What are the lines below, starting at the line containing "Antique Primitive Wood" and ending at the line containing "2022 GMC Acadia SLT"? Write them out exactly, ends included, without pictures.

**Supplied information:**
[Start of Attachment]
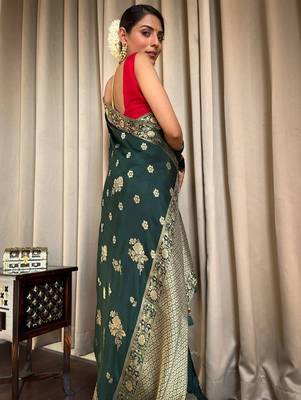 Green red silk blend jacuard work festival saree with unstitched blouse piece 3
[End of Attachment]
[Start of Attachment]
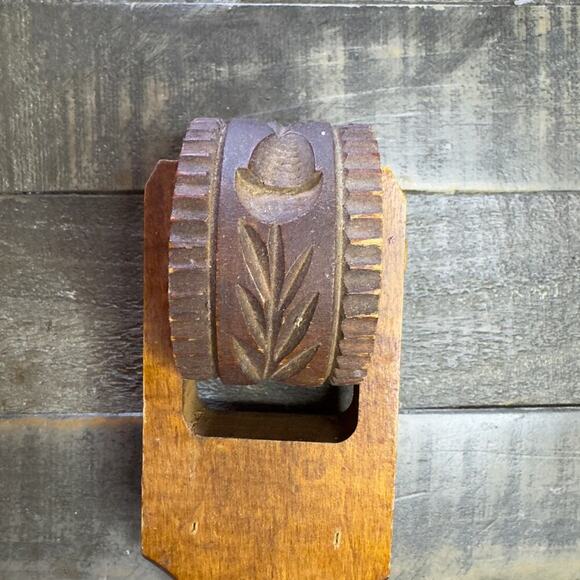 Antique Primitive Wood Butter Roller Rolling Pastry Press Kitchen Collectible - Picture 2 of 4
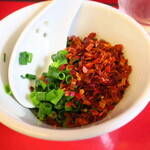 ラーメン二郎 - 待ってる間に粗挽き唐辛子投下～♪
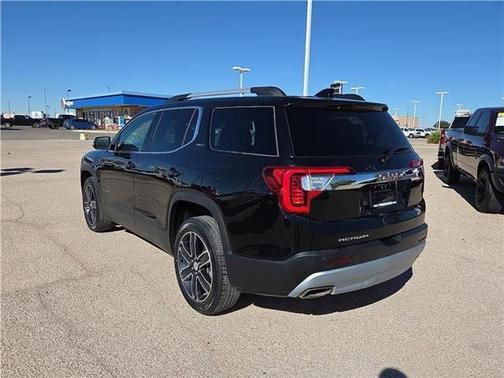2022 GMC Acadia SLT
[End of Attachment]
**Answer below:**
 Antique Primitive Wood Butter Roller Rolling Pastry Press Kitchen Collectible - Picture 2 of 4
 ラーメン二郎 - 待ってる間に粗挽き唐辛子投下～♪
2022 GMC Acadia SLT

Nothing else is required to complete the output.